No me gustó nunca ni pasar calor, ni el ruido, ni los cigarrillos semihundidos en la arena, ni la peste a basura de los contenedores abiertos, ni la barrera de conchas que había que cruzar para llegar al mar y te mordía los pies. No tenía amigos, sólo hijos de amigos de mis padres con los que muy de vez en cuando jugaba a la consola. Mi hermano y yo pasábamos las tardes tirados en la cama o sentados en el balcón, leyendo números de Super Mortadelo. Dábamos paseos junto al campo de golf, separados de Doñana y de sus campos salvajes por una sucia alambrada. Asocié ese sitio a pocas cosas agradables, y en cuanto los años me permitieron separarlo de mí lo fui olvidando poco a poco, bajando cada vez menos hasta que mis padres vendieron el piso.
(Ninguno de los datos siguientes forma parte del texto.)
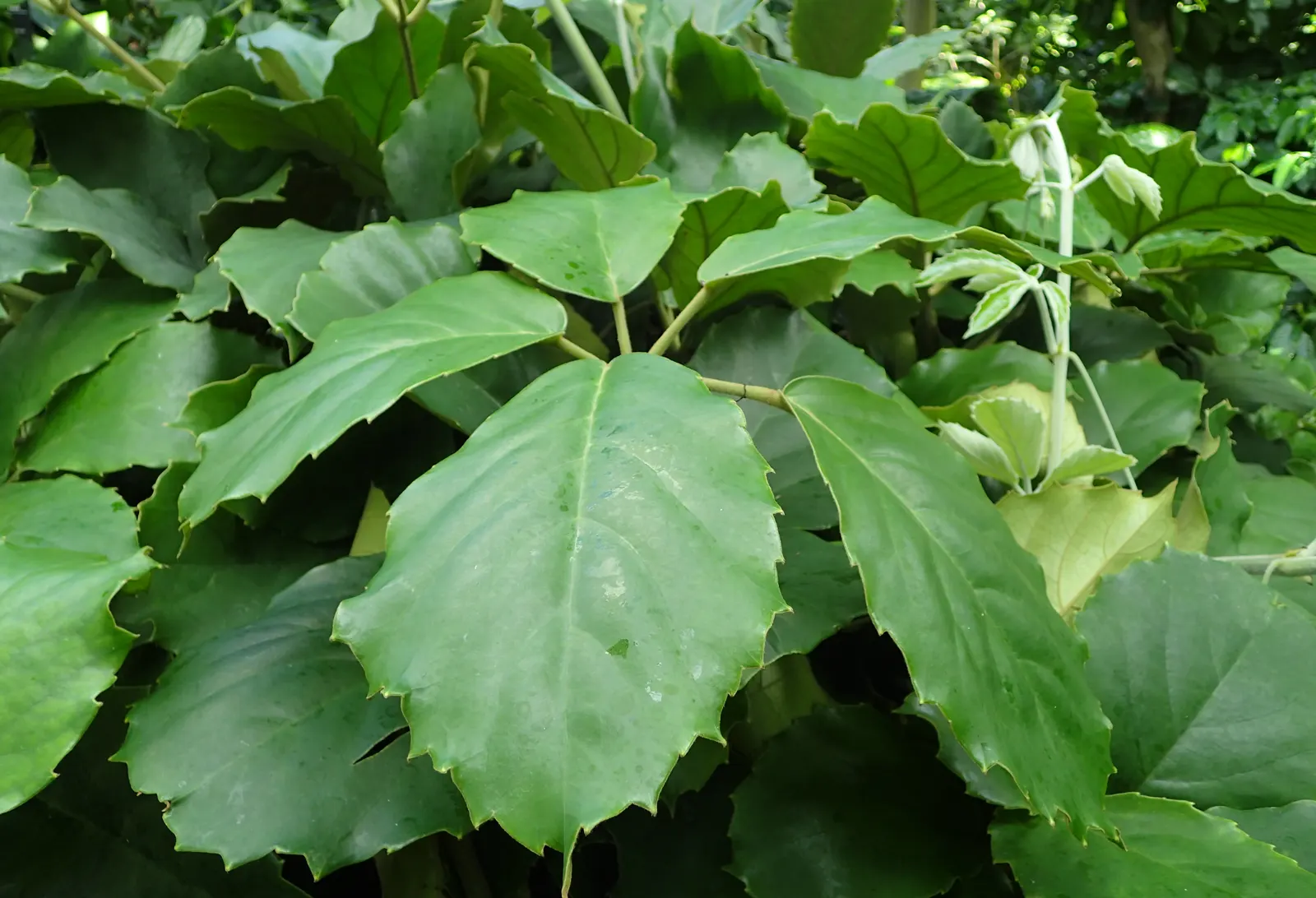 Chestnut Vine (Tetrastigma Voinierianum) — this vine requires sturdy support as it can reach extents of over 20 feet; vine for deep shade or half or shade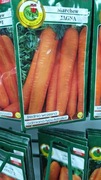 Nasiona marchew JAGNA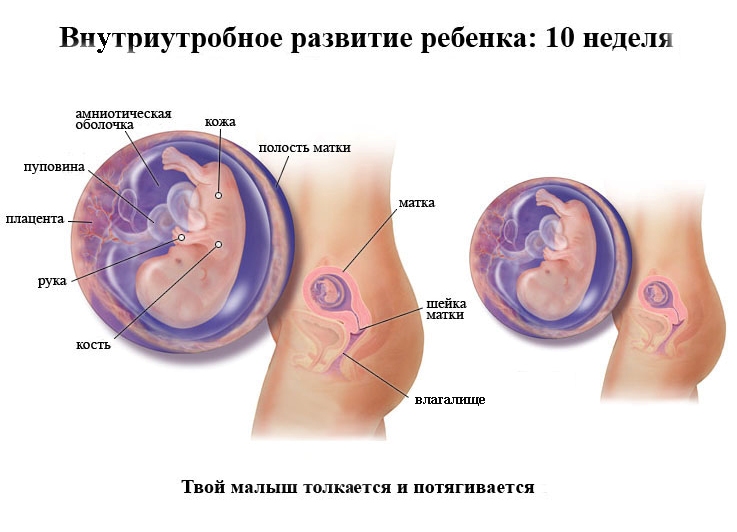 10 неделя беременности: что происходит симптомы развитие плода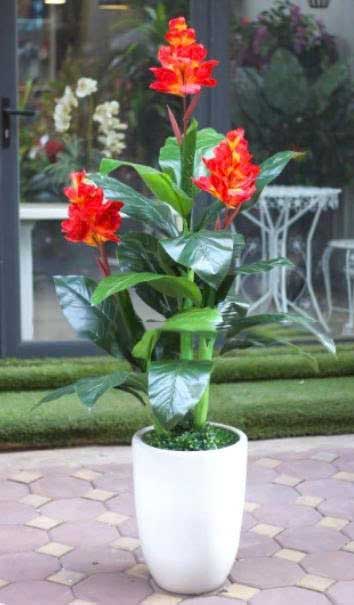 Cây Hoa Tài Lộc Giả Cao Cấp _ trồng chậu boom sứ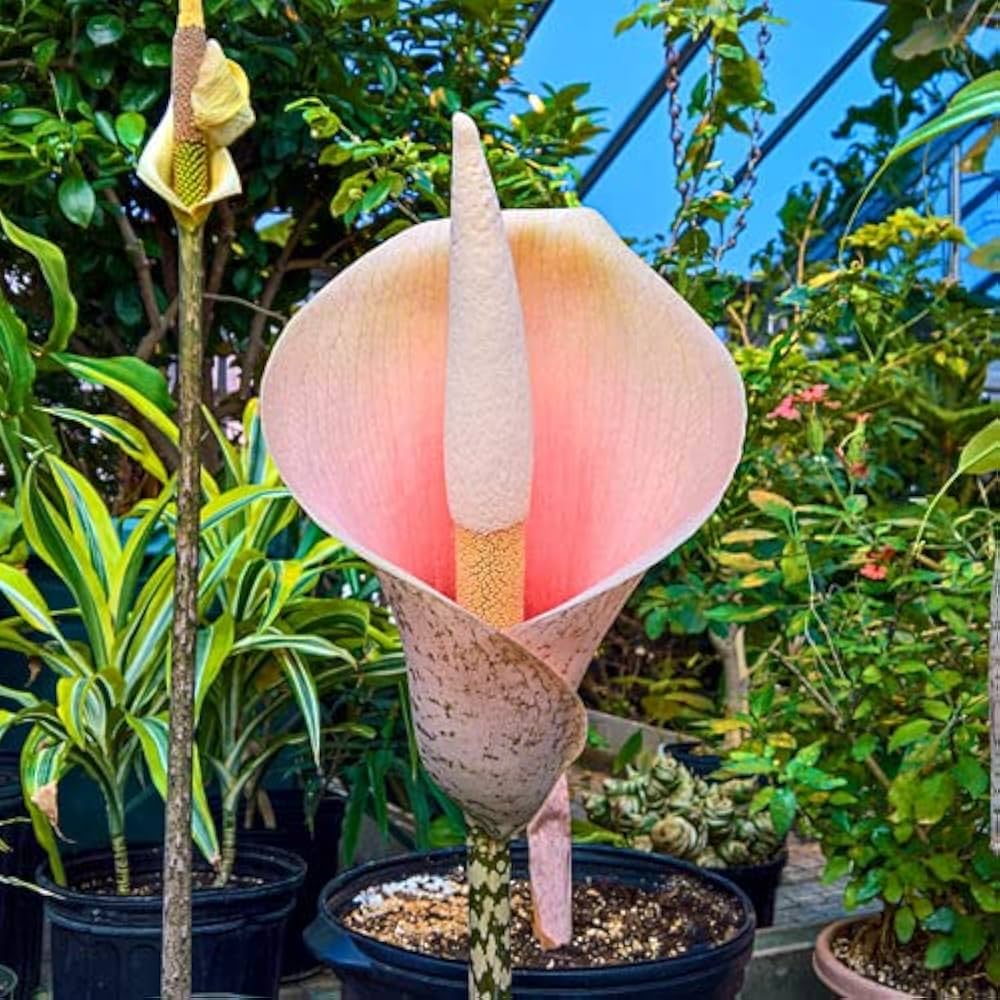 Voodoo Lily Seeds: Exotic Flowering Plant Seeds For Unique Garden Aesthetics Flower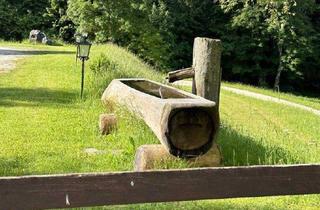 Gewerbeimmobilie kaufen in 9135 Bad Eisenkappel, Südkärnten: Authentisches Gut im Naturparadies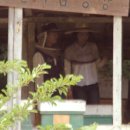 시대농장 이미지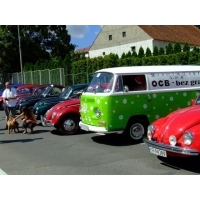 fot.Miniu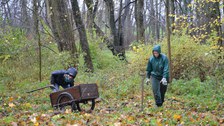Foto zeigt die Wildwuchsbeseitigung im Thammenhainer Schlosspark durch Studenten und Freiwillige. 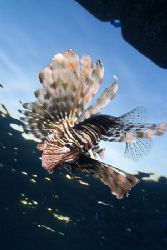Lion fish hunting in the early morning.
Sharks bay. D200... by Derek Haslam 
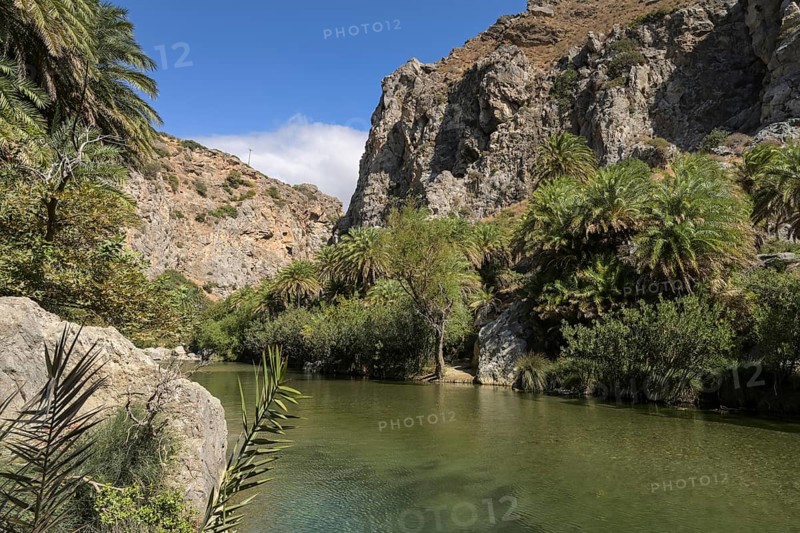 Stream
Este viernes, al final de la carretera de Almonte, no torcí a la izquierda por la hilera de rotondas paralelas al mar, como siempre hacíamos, sino que seguí recto y aparqué frente a la peña, ese monstruo caído y sombrío que siempre me parecía estar lejísimos cuando caminábamos al centro para ir a misa o para que nos diera el aire. Al bajar, la playa a la derecha recupera sus dunas y acantilados, y es como si uno no estuviera allí, ni en ese lugar ni en ese tiempo, sino antes de todos nosotros, en un poblado de pescadores.
Los que son muy jóvenes le otorgan a sus sentimientos y experiencias un carácter inmutable. Para bien o para mal, piensan que todo lo que les pasa quedará grabado para siempre en su recuerdo. Pero los años y el olvido le permiten a uno escapar de esas absurdas condenas. Aunque nos parezca imposible, en nuestra cabeza se puede empezar lo que ya se había empezado. Llegas de nuevo a donde estuviste, totalmente distinto a quien eras, unido apenas al pasado por esos frágiles hilos que alguien muy lejos de ti una vez tejió. Llega entonces la ola del tiempo, y te sumerges unos segundos, alejado de la luz y del ruido, del calor y del niño que te observa en la orilla, y sales después, y sin tú poder creerlo, como siempre ha ocurrido y nos ocurrirá a todos, el tiempo te sorprende: los años han pasado, el mundo es el mismo pero es otro mundo, y tú eres más joven que entonces. Has vuelto al lugar donde nunca fuiste.